CEDAR – European Muslim Professionals Network
In November 2008, the Salzburg Global Seminar (SGS), in cooperation with the Institute for Strategic Dialogue (ISD), conceived and implemented a special “European Muslim Professionals’ Action Incubator Workshop”. The Workshop resulted in the creation of CEDAR, Europe’s first Muslim Professionals’ Network. SGS and ISD jointly supported CEDAR in the first two years of the organization’s development (2009 – 2010).
For more information, see http://www.salzburgglobal.org/go/empn
Towards an African Green Revolution:
In 2008 and 2009, the Salzburg Global Seminar, in partnership with the Institute of Development Studies and the Future Agricultures Consortium, held a series of events under the title "Toward a 'Green Revolution' in Africa?". The recommendations from the first two events (held in Salzburg in 2008) are captured in a summary report, available in English, French and Portuguese. Consultations were held in Africa in 2009 as a follow-up to the Salzburg events and those recommendations were used to inform the 2010 Global Conference on Agricultural Research for Development (GCARD). In 2011, Salzburg continued work in this arena with a session on “Transforming Agricultural Development and Production in Africa: Closing Gender Gaps and Empowering Rural Women in Policy and Practice”.
For more information on the 2008 Salzburg events, please see http://www.salzburgglobal.org/current/aai.cfm
The Institute for Historical Justice and Reconciliation (IHJR)
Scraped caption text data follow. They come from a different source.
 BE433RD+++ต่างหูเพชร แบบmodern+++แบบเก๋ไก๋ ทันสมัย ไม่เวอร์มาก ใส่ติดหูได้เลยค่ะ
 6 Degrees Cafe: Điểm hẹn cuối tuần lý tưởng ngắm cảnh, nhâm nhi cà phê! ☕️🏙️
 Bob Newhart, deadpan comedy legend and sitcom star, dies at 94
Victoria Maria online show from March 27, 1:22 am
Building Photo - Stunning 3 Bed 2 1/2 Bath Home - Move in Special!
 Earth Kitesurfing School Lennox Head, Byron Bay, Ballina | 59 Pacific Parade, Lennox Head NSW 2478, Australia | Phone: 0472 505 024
Founded in 2004, the IHJR first operated as a project of the Salzburg Global Seminar, devoted to working with educational and public policy institutions in order to organize and sponsor historical discourse in pursuit of acknowledgement, and the resolution of historical disputes.
In October 2008, the IHJR was established as an independent institute in The Netherlands and is now a nonprofit foundation seated in The Hague. The IHJR is governed by an Executive Committee chaired by Judge Richard Goldstone of South Africa, and is advised on its program by an Advisory Board chaired by Judge Hisashi Owada, President of the International Court of Justice. The IHJR continues to work in partnership with the Salzburg Global Seminar.
For more information on the IHJR please visit www.historyandreconciliation.org, or send an email to info@ihjr.org
Strengthening Independent Media (SIM)
The Strengthening Independent Media Initiative (SIM) was a multi-year initiative of the Salzburg Global Seminar, the John S. and James L. Knight Foundation, and the Global Forum for Media Development, which aimed to: bring greater strategic focus and coordination to the field of independent media development around the world; to improve the flow of financial support from private as well as public sources and promising new technologies into the media development sector; and to improve coordination between funders, trainers, and media development implementers.
Between 2008 and 2011 the Salzburg Global Seminar, the Knight Foundation, and the Global Forum for Media Development convened a series of leadership meetings designed to consider the use of digital tools and techniques to both decrease the waste, and increase the flow, of money into projects that improve journalism and the free flow of news.
The participating donors have undertaken a range of specific collaborations as a result of the SIM meetings, and have agreed to continue annual donor meetings hosted by member organizations to sustain the information sharing and strategy work encouraged by the Salzburg meetings.